- **TASK DATA**:
Segment Open

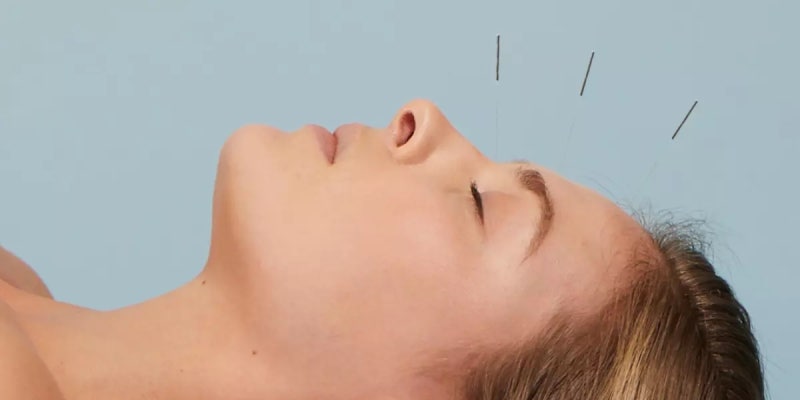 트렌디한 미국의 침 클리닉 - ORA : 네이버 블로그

Segment Closed
Segment Open

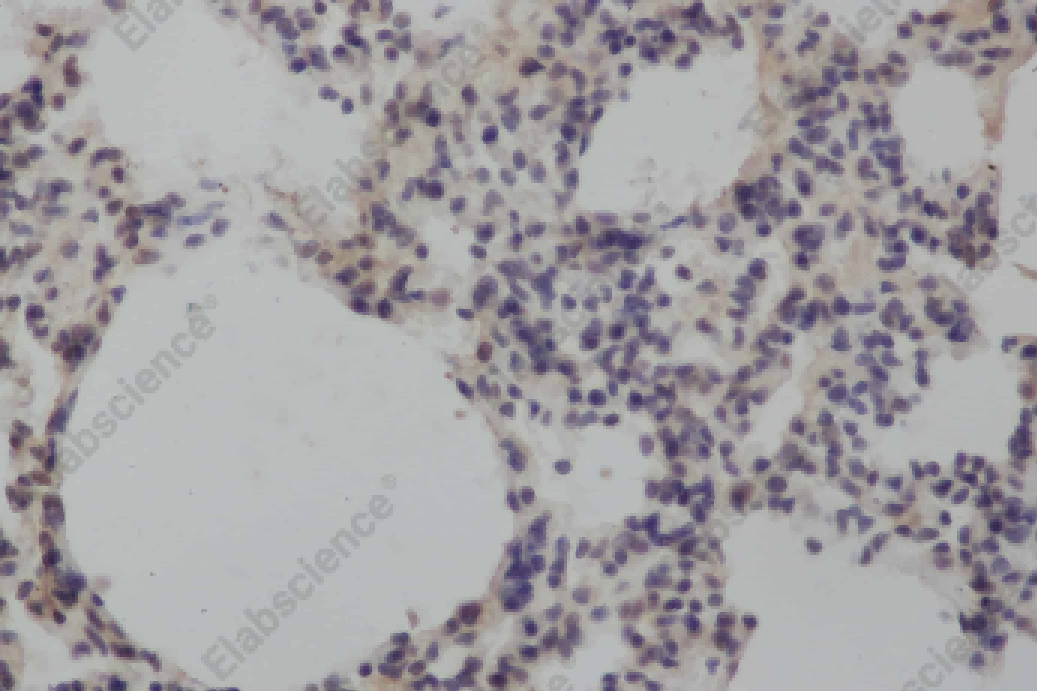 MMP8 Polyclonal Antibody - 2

Segment Closed
Segment Open

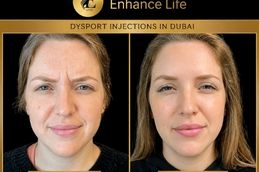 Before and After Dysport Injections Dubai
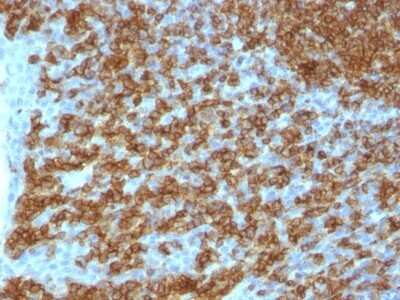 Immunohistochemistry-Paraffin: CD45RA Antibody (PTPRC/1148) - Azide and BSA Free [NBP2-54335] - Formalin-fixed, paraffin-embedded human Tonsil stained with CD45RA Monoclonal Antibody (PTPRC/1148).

Segment Closed

- **PROBLEM**:
Print, exactly and with no pictures, the lines of the listing above starting at the one that has "Before and After Dysport Injections Dubai" and ending at the one that has "Immunohistochemistry-Paraffin: CD45RA Antibody", both included.

- **COMPLETED EXERCISE**:
 Before and After Dysport Injections Dubai
 Immunohistochemistry-Paraffin: CD45RA Antibody (PTPRC/1148) - Azide and BSA Free [NBP2-54335] - Formalin-fixed, paraffin-embedded human Tonsil stained with CD45RA Monoclonal Antibody (PTPRC/1148).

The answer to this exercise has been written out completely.